There are many aspects to consider when selling a business, all of which influence the price and terms of the sale. In the first instance, anyone looking to sell their business must understand exactly what it is that they are selling. Is it an ongoing business with an established customer list? Are there staff to consider? What do you as the owner want to do after the sale? And, how much value do you bring to the business?

Sellers also need to be clear on why they are selling their business. A buyer will want to know this as it is a key factor in whether they will want to engage with you or not.

A seller may have a timeframe in mind, be it within six months or maybe a year. However, an immediate sale is an unrealistic expectation as most acquisitions will take three to six months to complete in the best case scenario, so forward planning for the sale is key.

It is also important to have a view on who you would and would not like to sell the business to. Do you want to sell to the highest bidder? Do you want to target a purchaser with a good cultural fit? Or are you looking to sell to a colleague, family member or friend? Is it important to you to retain your brand?
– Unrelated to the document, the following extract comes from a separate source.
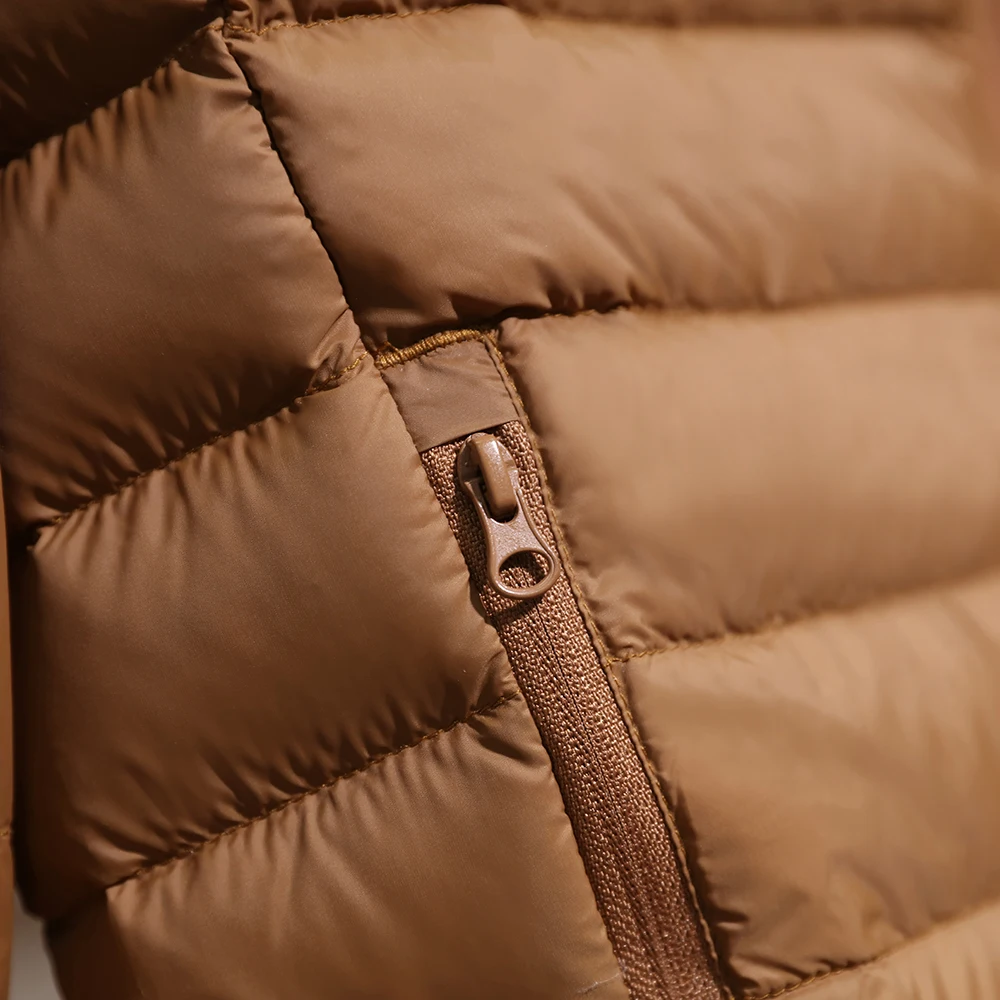 Men's Lightweight Warm Outdoor Du down Jaet Stand Collar Autumn Winter Faionable Versatile Clothing Nylon Fabric Long S...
This is where the issue of legacy comes into play.

A business owner understandably has a personal interest in their business, and from my experience, will usually feel very proud of its success. It is natural to want that legacy to continue and also to ensure that staff are well looked after. However, unless a seller truly knows the buyer’s intentions or strategy, there is no way of knowing what they will do with the business once acquired. This is very important to understand and accept.

When assessing what a business is worth, a buyer will look at a number of factors, all of which are important. In my professional opinion, none is as significant as financial performance. A high level of comfort is offered to a buyer when a potential investment has shown strong financial performance over at least three years. The financials presented must exclude any private or non-business expenditure or other non-recurring costs, which ensures that the buyer will see the business at its full financial potential.
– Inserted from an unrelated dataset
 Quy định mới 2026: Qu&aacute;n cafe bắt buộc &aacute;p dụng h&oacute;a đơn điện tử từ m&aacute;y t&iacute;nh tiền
Other factors influencing the sale price are:

  • The business’s reputation in the industry
  • Contracted versus one-off jobs
  • Termite versus general pest work
  • Pricing of services
  • Staff longevity
  • Quality of operational data
  • Customer lists
  • Unique service offerings
  • Location(s)
  • The business owner’s willingness to assist in the transition of ownership and/or assisting the acquirer in growing the business.

In order to achieve the maximum value for a business it is essential to determine its current and future value. Engaging an independent advisor is the first step towards calculating this value.
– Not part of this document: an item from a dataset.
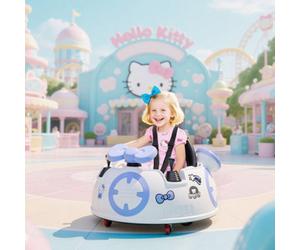 Aiyaplay Hello Kitty Kids Ride On Bumper Car With Remote Control, White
It is also important to remember that each potential buyer will have a different motive for purchasing the business. For example, an overseas buyer showing interest from across the globe may be looking to establish themselves in Australia or simply looking for a return on their investment, either as a cash flow or profit return. Whereas a local buyer may be looking to expand their operations or grow geographically. An independent advisor can help clarify a buyer’s intentions.

In preparing your business for sale it is important to consider who you intend to present the business to. Just placing an ad is a bit ‘hit and hope’. Making a direct approach to potential buyers often delivers the best results. Maybe you want to target the big three or four pest control players in Australia? But approaching big businesses can be daunting and you may not have the contact details of the key decision-makers. This is where an advisor can add further value. Catand Advisory not only knows the key contacts, but we have met with potential investor groups who are very interested in the pest industry. We know the right people to talk to!

When considering whether to engage an advisor to assist with the sale of your business, compare this with selling a house. The homeowner would certainly tidy up the garden, paint what needs to be painted, fix what needs to be fixed – the simple things. But the homeowner would engage a real estate agent to advise on the sale, market the property, use their contact list of potential buyers to identify a purchaser and negotiate the best deal. There is no difference in selling a business – an independent advisor will take the stress out of the process and use their expertise to deliver the best result.

At Catand Advisory we help business owners better prepare for the sale of their businesses by accurately calculating the value of their operation. We present businesses in the right manner, ensuring that we create the right level of interest among potential buyers. Being able to present a business to not just one, but many potential buyers, leads to increased competition that can ultimately drive up the value of the business. This strategy ensures that the pest manager will achieve the best possible price for the business they have worked so hard to build.

Seeking advice from an independent advisor is the first step for any pest manager looking to successfully sell their business.